#### EXERCISE REQUIREMENTS:
Under this line are the records; repeat exactly the lines starting at the one containing "Exportações brasileiras de" and ending at the one containing "Enlarge Joss, a", omitting pictures.

#### TASK MATERIAL:
================

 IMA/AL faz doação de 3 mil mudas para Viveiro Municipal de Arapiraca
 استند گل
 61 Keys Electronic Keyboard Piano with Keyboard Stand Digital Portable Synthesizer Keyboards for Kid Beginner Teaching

================

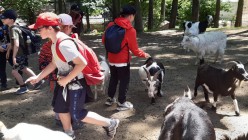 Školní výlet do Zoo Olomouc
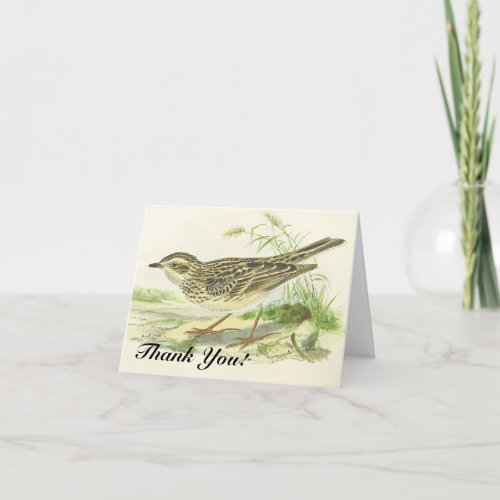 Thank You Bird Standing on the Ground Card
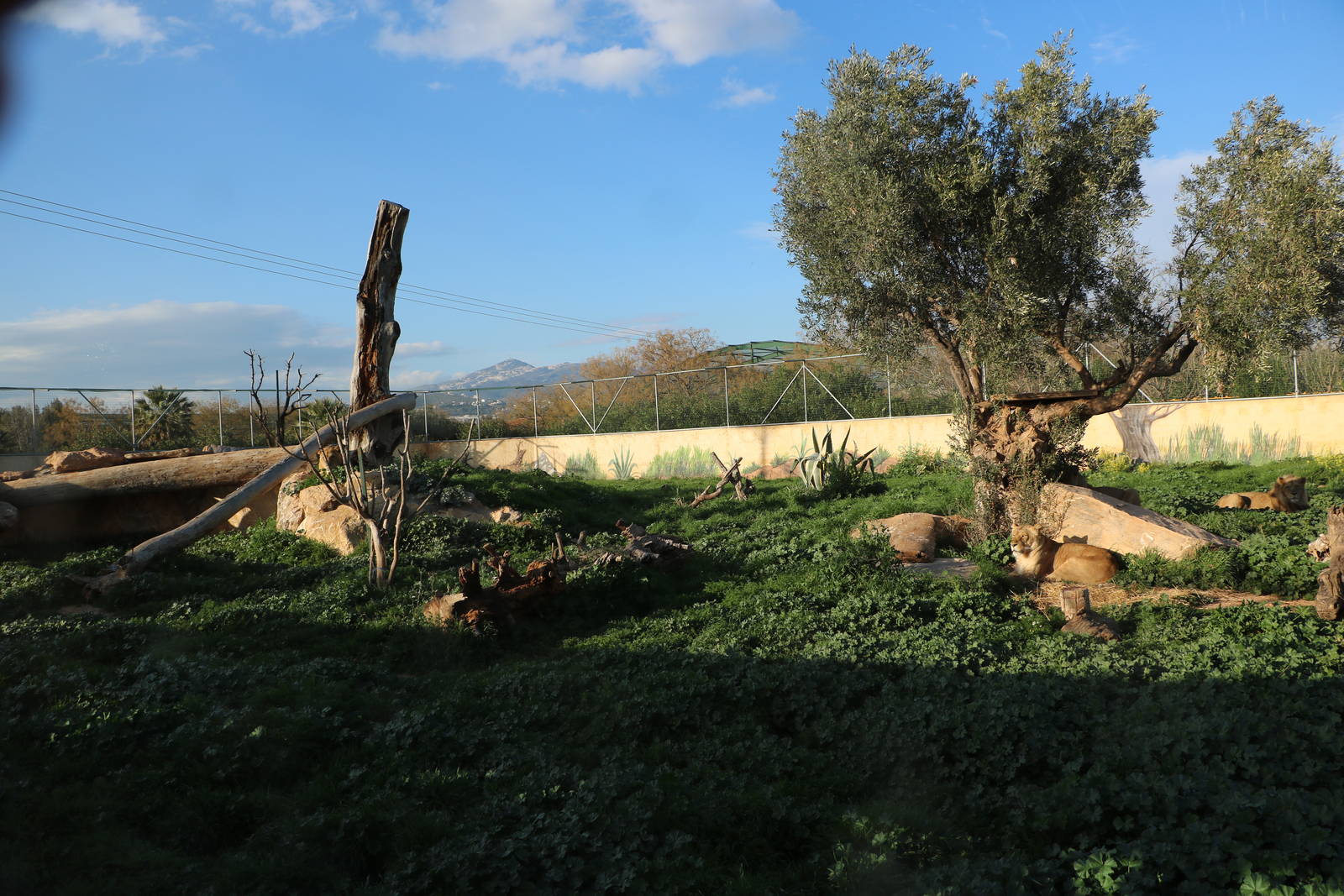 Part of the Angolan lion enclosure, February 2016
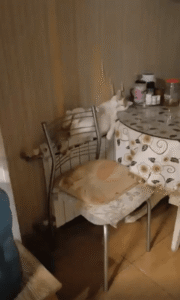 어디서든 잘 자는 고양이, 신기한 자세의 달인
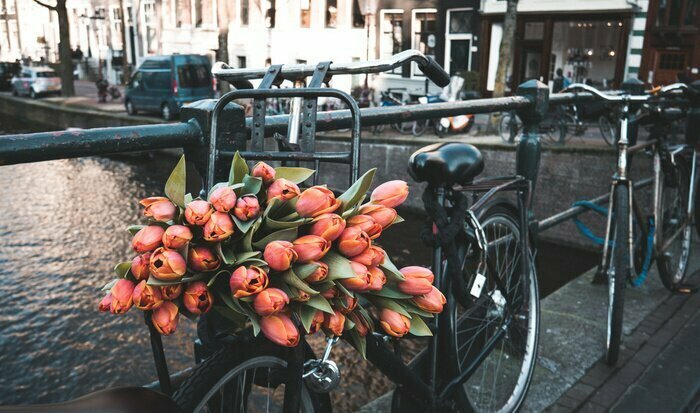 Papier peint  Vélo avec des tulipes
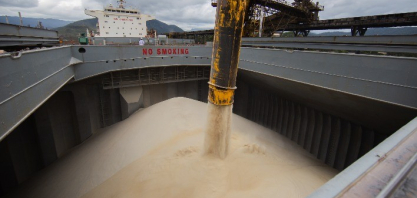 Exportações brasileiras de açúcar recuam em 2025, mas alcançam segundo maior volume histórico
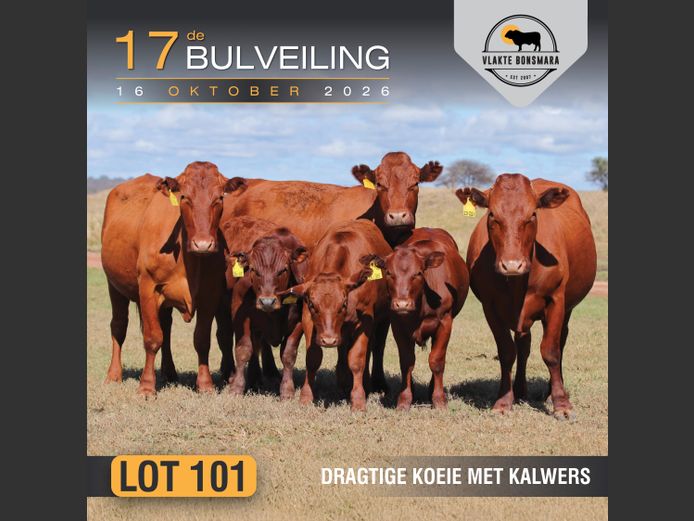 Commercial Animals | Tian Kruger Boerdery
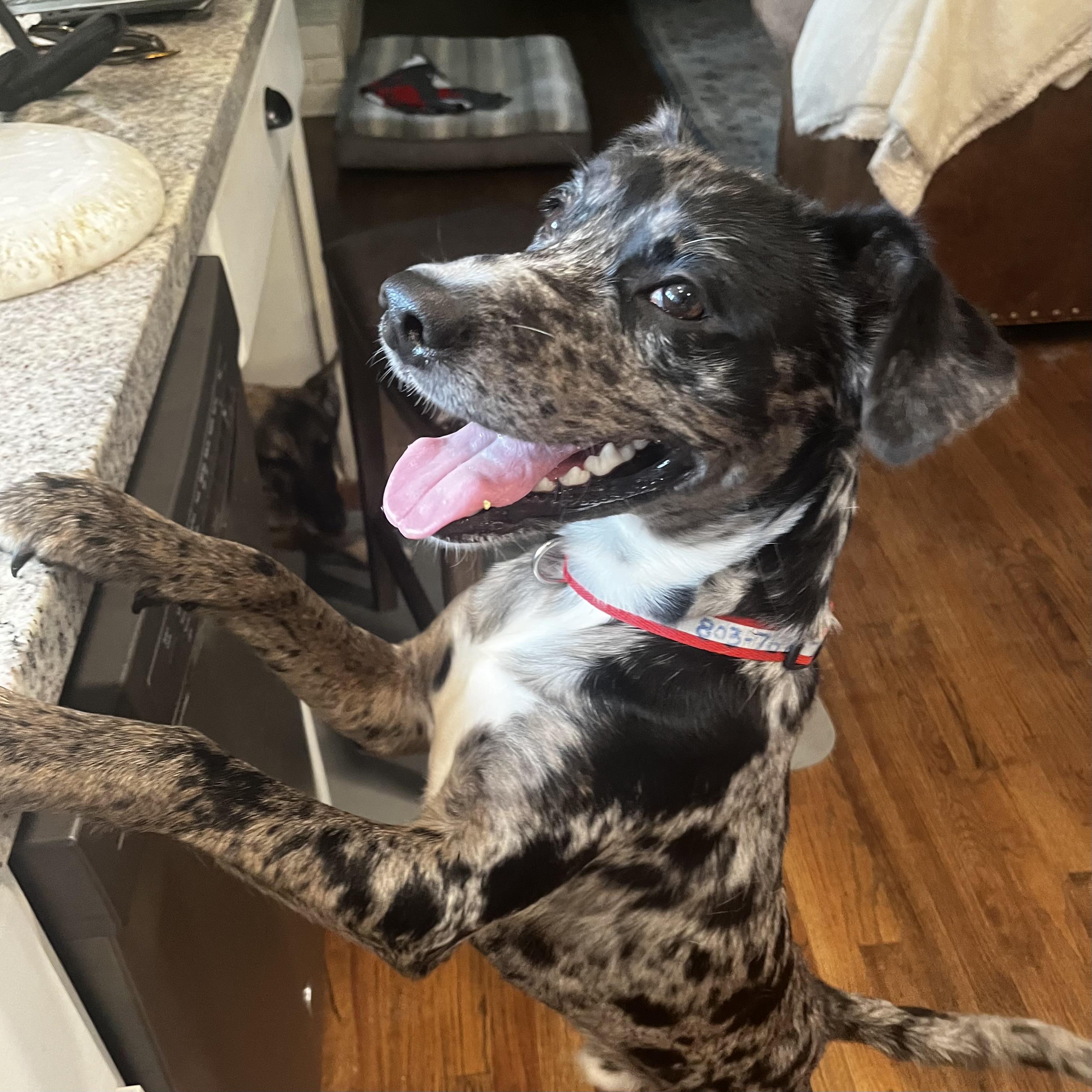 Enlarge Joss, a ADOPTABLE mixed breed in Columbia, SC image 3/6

================

#### EXPECTED OUTPUT:
 Exportações brasileiras de açúcar recuam em 2025, mas alcançam segundo maior volume histórico
 Commercial Animals | Tian Kruger Boerdery
 Enlarge Joss, a ADOPTABLE mixed breed in Columbia, SC image 3/6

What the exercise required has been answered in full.